There are several different brands of digital timers that most hardware store should carry, Timex, Intermatic, etc. They all work good with misting systems. I use the timex digital timer and it only cost my $15. Hope this helps.


----------



## Guest (Apr 23, 2004)

You will probably want a pump with more pressure than that. Some where around 200psi will power multiple misting heads whereas something like 50psi will only power a couple. The type of pump you want to research is called a piston pump, make sure its got plastic or stainless parts instead of brass or copper.


----------



## mindcrash (Mar 3, 2004)

This is the same pump that i have on the two misting systems i bought from Big Apple Herp. I know its only 55 psi, but they say it will power up to 20 nozzles. I was thinking it would be beneficial to get this pump directly from the source rather than buying it from another reseller (Big Apple) and paying that much more.


----------



## kyle1745 (Feb 15, 2004)

So how much is this pump?


----------



## mindcrash (Mar 3, 2004)

Don't know yet, called my local distributor but the person that coule help me had already left for the weekend. I'll call again on monday.


----------



## khoff (Feb 18, 2004)

The rainmaker jr systems are only 45 or 50 psi pumps and are rated up to twenty tanks also. You wouldn't need anything more than that.


----------



## Homer (Feb 15, 2004)

I've been down that road, Mindcrash. I'm hopeful that you get a better answer than I did. If you get better news than I did, we'll celebrate here. :lol: You have to buy in some serious numbers (like lots of 100) to get a price break to make it any cheaper than what Big Apple Herp is selling the systems for. 

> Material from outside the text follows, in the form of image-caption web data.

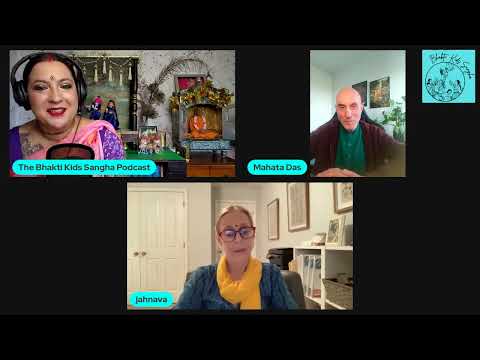 Maintaining a Healthy Marriage | Mahatma Das & Jahnava Devi Dasi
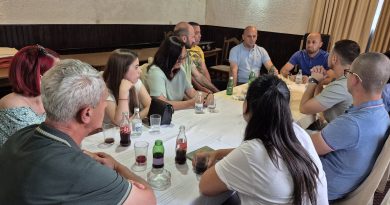 Reorganizovan Mjesni odbor RSS Dvorovi, inicirano postavljanje signalizacije kod „Eko-marketa“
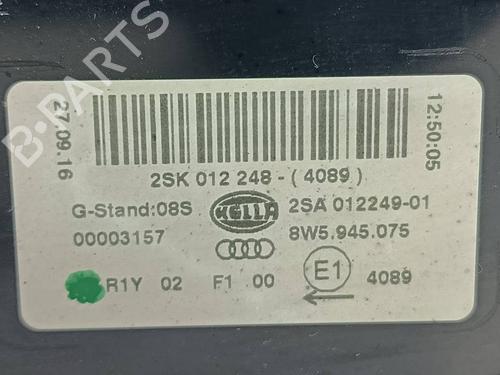 Left tailgate light AUDI A4 B9 (8W2, 8WC) | BP38684429C79 - Image 7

I did put together a misting system cheaper than the Big Apple herp system, but it will only reliably power about 3 heads with any length on the hose and the motor is not supposed to be run for more than 1 minute. I've been using this one since January, and I was hoping to put together something for hobbyists to be able to buy for under $50 . . . but making the numbers work has been more difficult than I first thought. :evil: If you can get it done, YOU DA MAN!


----------



## Ryan (Feb 18, 2004)

So what happened to the windshield washer fluid pumps people were talking about? Were they not strong enough?

Thanks
Ryan


----------



## JJuchems (Feb 16, 2004)

Hey Mindcrash,
Did you find out about the pumps?
Later and Happy Frogging,
Jason Juchems


----------



## mindcrash (Mar 3, 2004)

It was a busy day at work today. I'll make sure i call them tomorrow.

Sorry about that.


----------



## mindcrash (Mar 3, 2004)

Ok, just got off the phone with the supplier. She told me the pumps are $37.30 apiece and there is no minimum order. Add another $20 or so for a digital timer and the cost of a bucket, hose, and nozzles, and it should be significantly cheaper then the commercial systems.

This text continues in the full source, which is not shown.